Start of Block

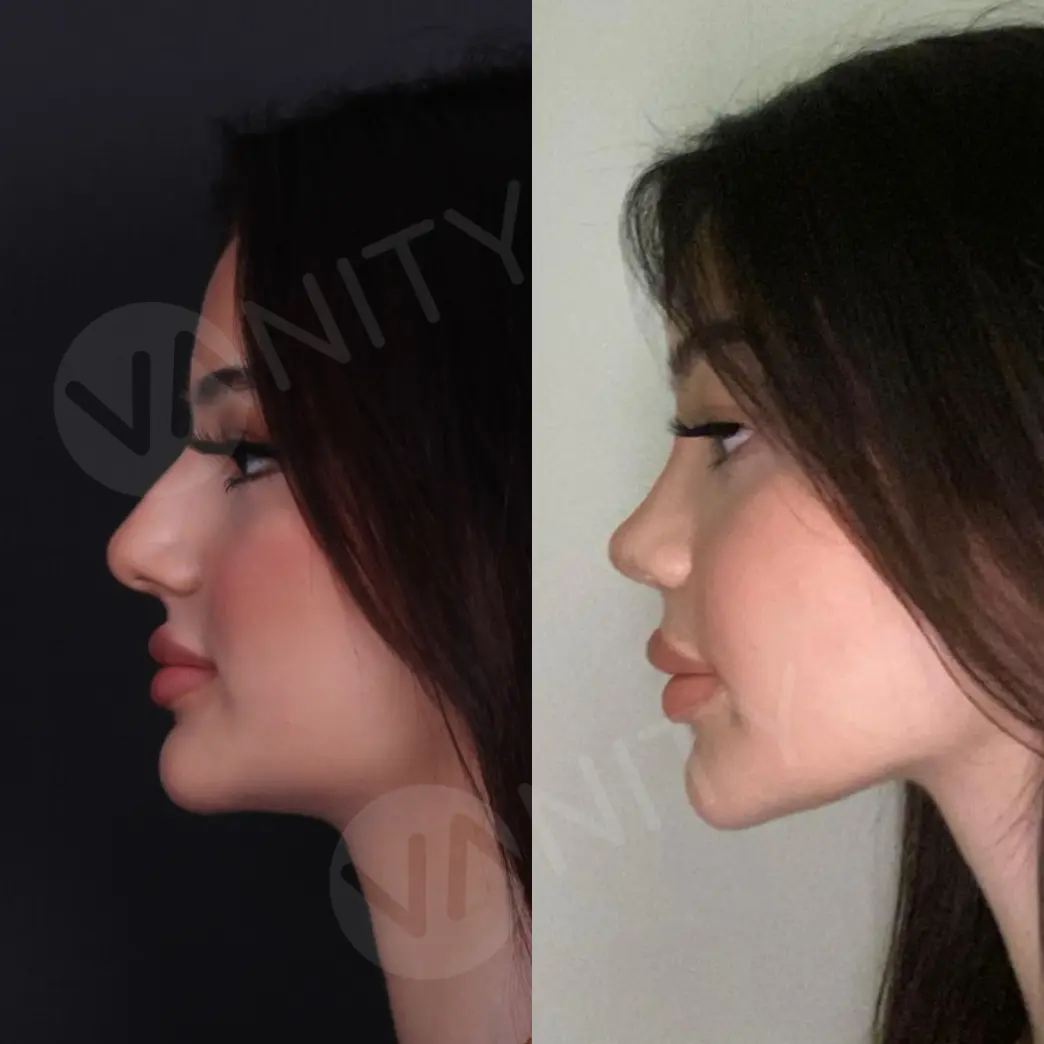 rhinoplasty_ba_6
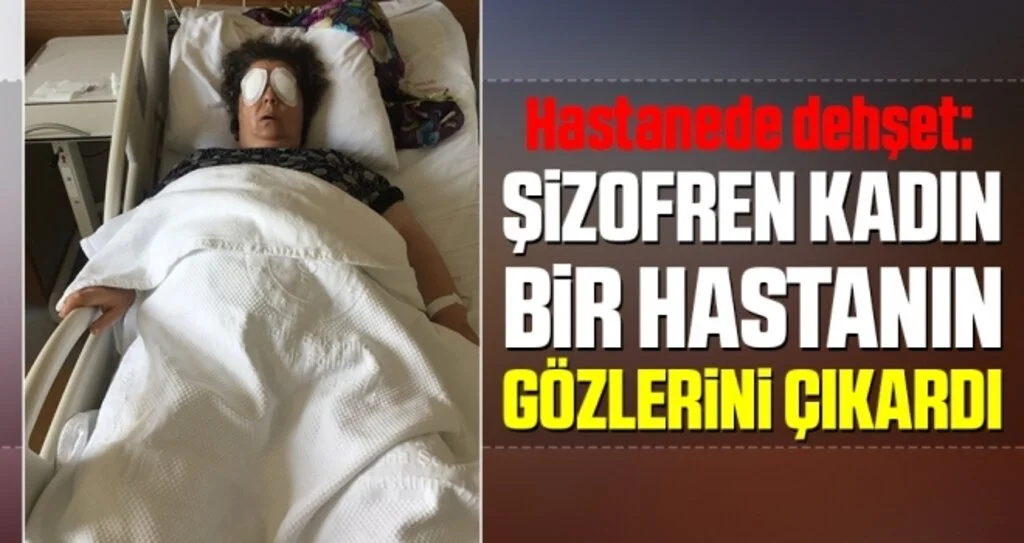 Hastanede Dehşet: Şizofren Kadın, Bir Hastanın Gözlerini Çıkardı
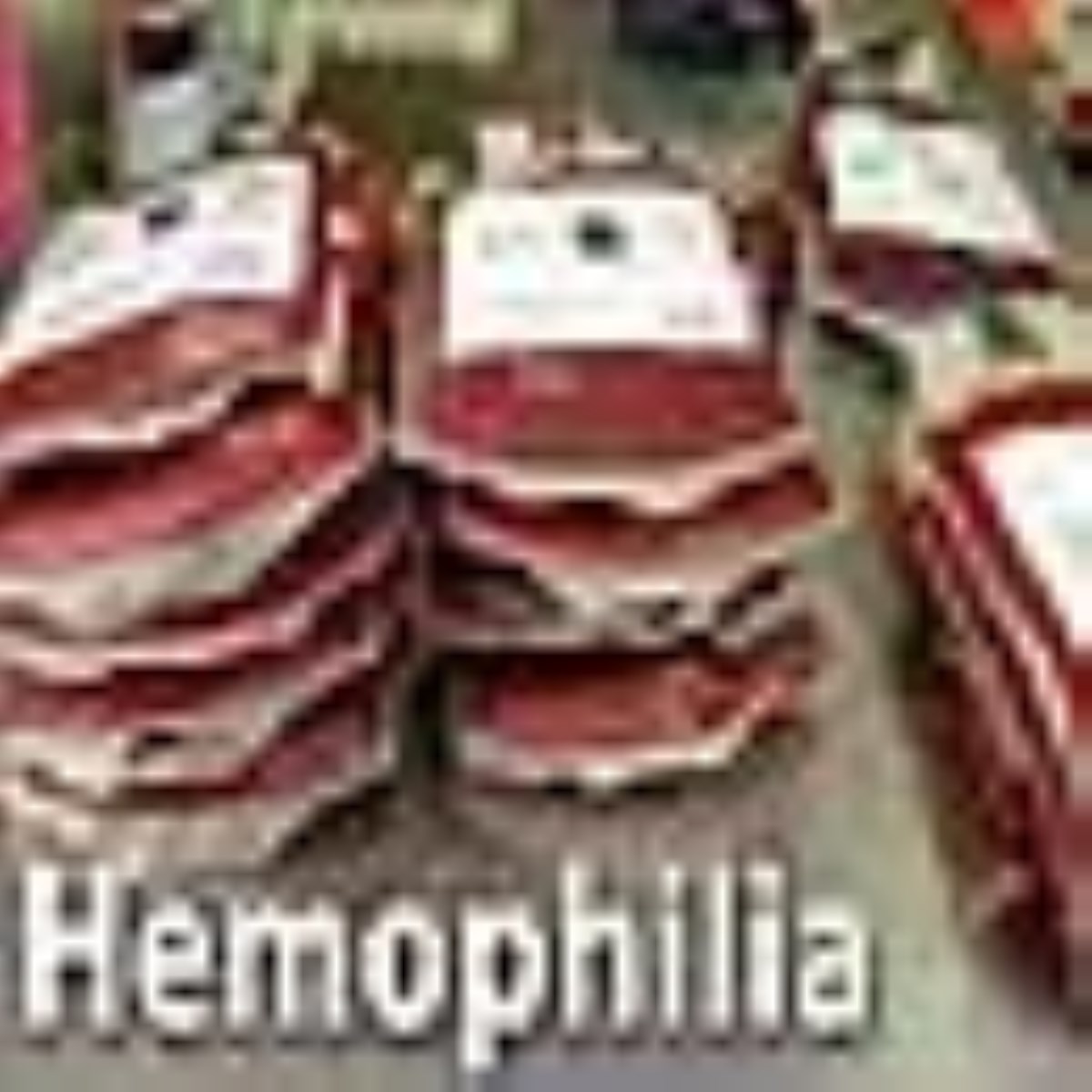 در کنارهم، مراقب هم - ویژه نامه روز جهانی هموفیلی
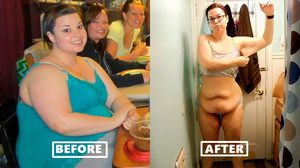 สาวพลาดอย่างแรง! ผ่าตัดกระเพาะอาหาร หวังลดน้ำหนัก แต่กลับได้พุงย้วยๆ มาแทน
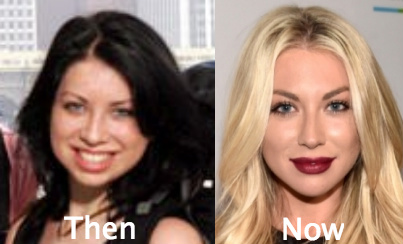 Stassi Schroeder Plastic Surgery Before and After Photos.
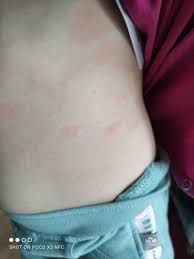 Image result for vyrážka u dětí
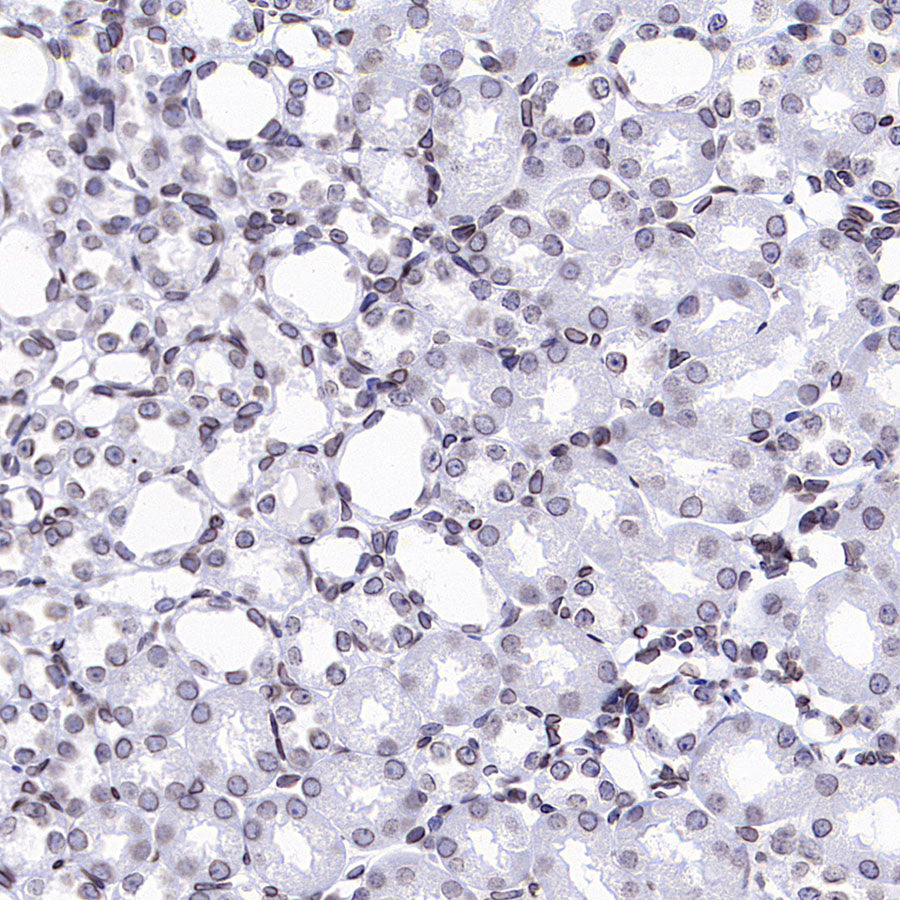 Lamin B1 Recombinant Rabbit mAb (S-5361)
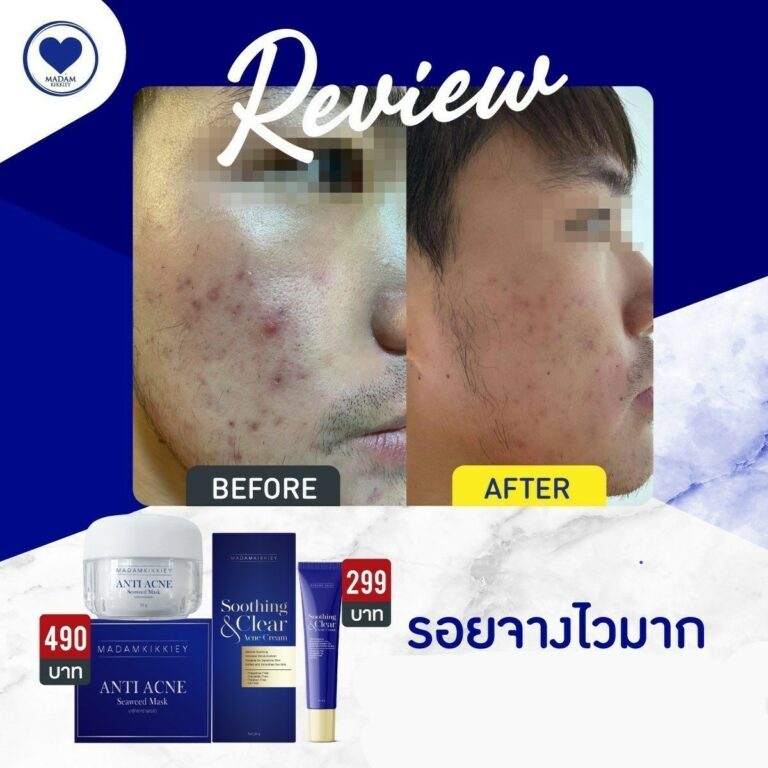 19.1รีครีม1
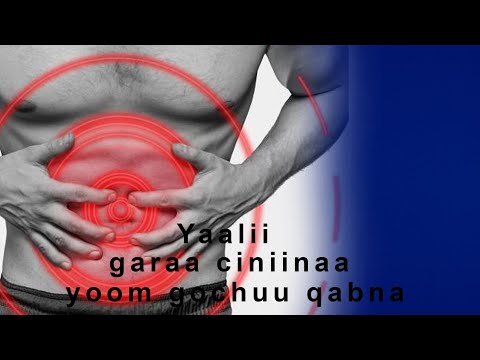 Dhukkuba Garaa Ciniina Yaalamuuf Yoom Mana Yaalaa Dhaquu Qabna Yoko Doctor Dr Daawwit Milkiyaas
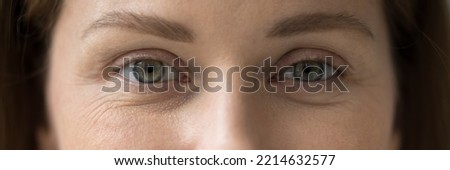 Cropped image, horizontal view female eyes look at camera. Eye-care, eyesight regular check up professional services clinic ad, lenses and eyewear store advertisement, laser surgery, vision correction Royalty-Free Stock Photo #2214632577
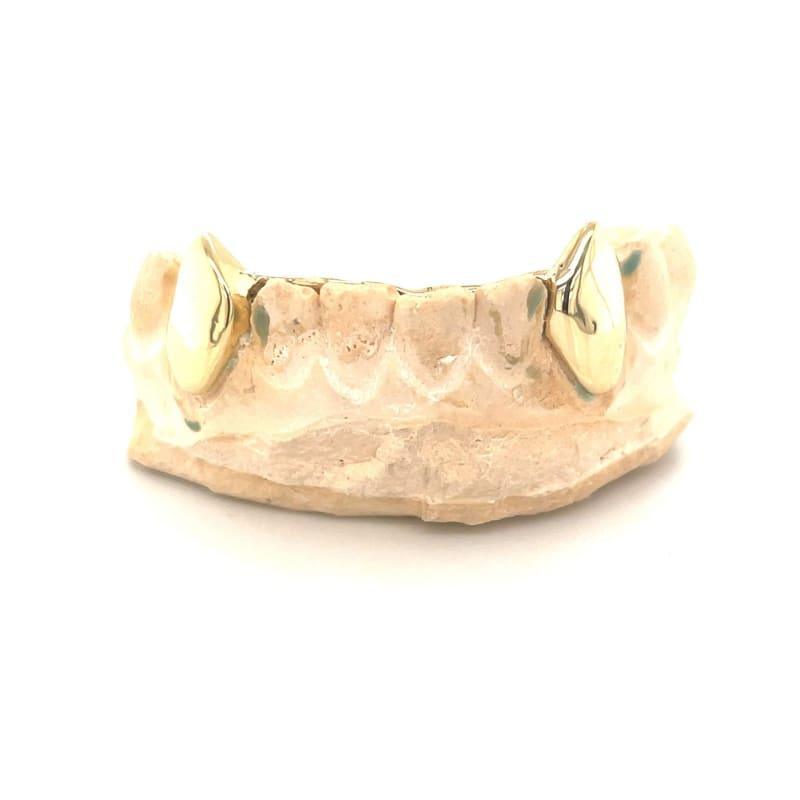 2pc Gold Bottom Fang Grillz - Seattle Gold Grillz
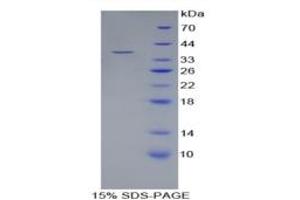 SDS-PAGE of Protein Standard from the Kit  (Highly purified E. (LRG1 ELISA Kit)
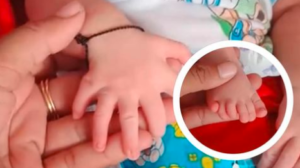 Bayi Perempuan Lahir dengan 6 Jari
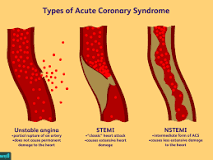 Image result for icd 10 code for acute st elevation myocardial infarction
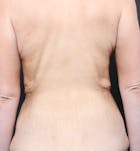 Bra Line Back Lift™ Before & After Gallery - Patient 19827723 - Image 1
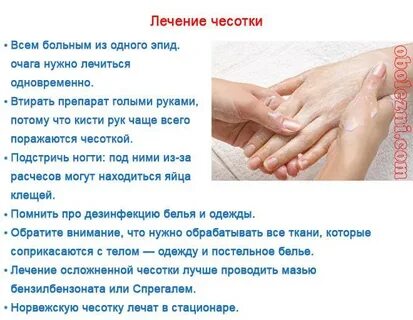 День зуда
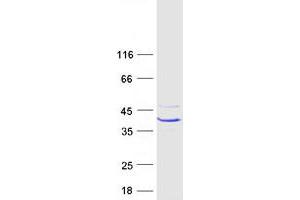 Western Blotting (WB) image for Carbonic Anhydrase VII (CA7) (Transcript Variant 2) protein (Myc-DYKDDDDK Tag) (ABIN2713135)
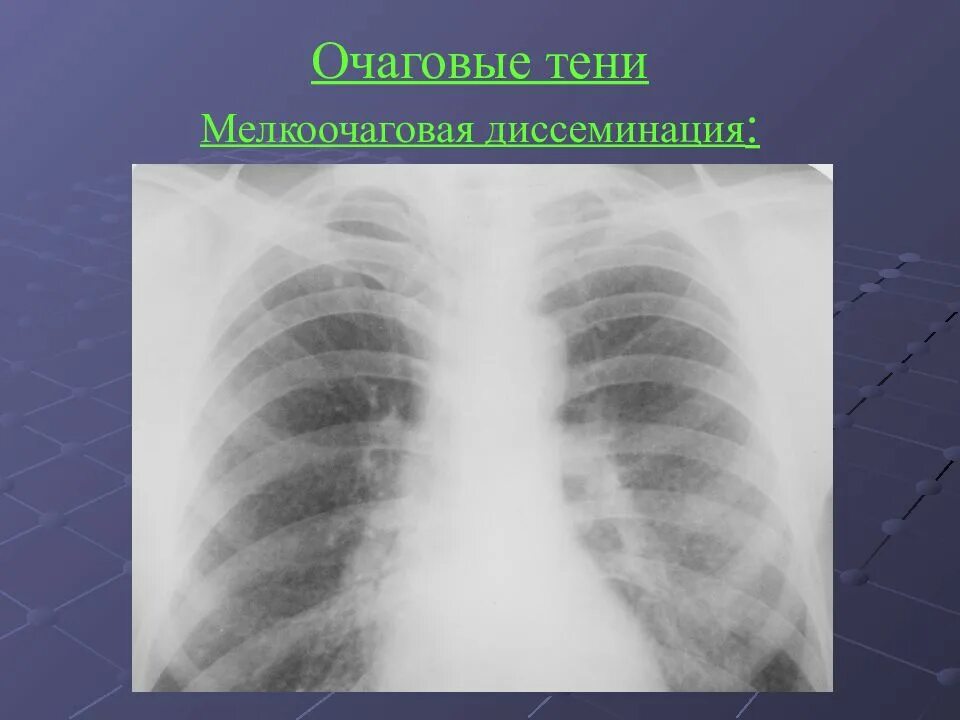 Очаговое поражение легких. Мелкоочаговая пневмония рентген. Очаговые тени в легких на рентгене. Метастазы легких рентгенодиагностика. Очаговые метастазы в легких.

End of Block

■ WHAT YOU ARE ASKED TO DO: Reproduce the data above exactly, leaving out any picture in it.

■ RESPONSE FOR THIS EXERCISE:
 rhinoplasty_ba_6
 Hastanede Dehşet: Şizofren Kadın, Bir Hastanın Gözlerini Çıkardı
 در کنارهم، مراقب هم - ویژه نامه روز جهانی هموفیلی
 สาวพลาดอย่างแรง! ผ่าตัดกระเพาะอาหาร หวังลดน้ำหนัก แต่กลับได้พุงย้วยๆ มาแทน
 Stassi Schroeder Plastic Surgery Before and After Photos.
 Image result for vyrážka u dětí
 Lamin B1 Recombinant Rabbit mAb (S-5361)
 19.1รีครีม1
 Dhukkuba Garaa Ciniina Yaalamuuf Yoom Mana Yaalaa Dhaquu Qabna Yoko Doctor Dr Daawwit Milkiyaas
 Cropped image, horizontal view female eyes look at camera. Eye-care, eyesight regular check up professional services clinic ad, lenses and eyewear store advertisement, laser surgery, vision correction Royalty-Free Stock Photo #2214632577
 2pc Gold Bottom Fang Grillz - Seattle Gold Grillz
 SDS-PAGE of Protein Standard from the Kit  (Highly purified E. (LRG1 ELISA Kit)
 Bayi Perempuan Lahir dengan 6 Jari
 Image result for icd 10 code for acute st elevation myocardial infarction
 Bra Line Back Lift™ Before & After Gallery - Patient 19827723 - Image 1
 День зуда
 Western Blotting (WB) image for Carbonic Anhydrase VII (CA7) (Transcript Variant 2) protein (Myc-DYKDDDDK Tag) (ABIN2713135)
 Очаговое поражение легких. Мелкоочаговая пневмония рентген. Очаговые тени в легких на рентгене. Метастазы легких рентгенодиагностика. Очаговые метастазы в легких.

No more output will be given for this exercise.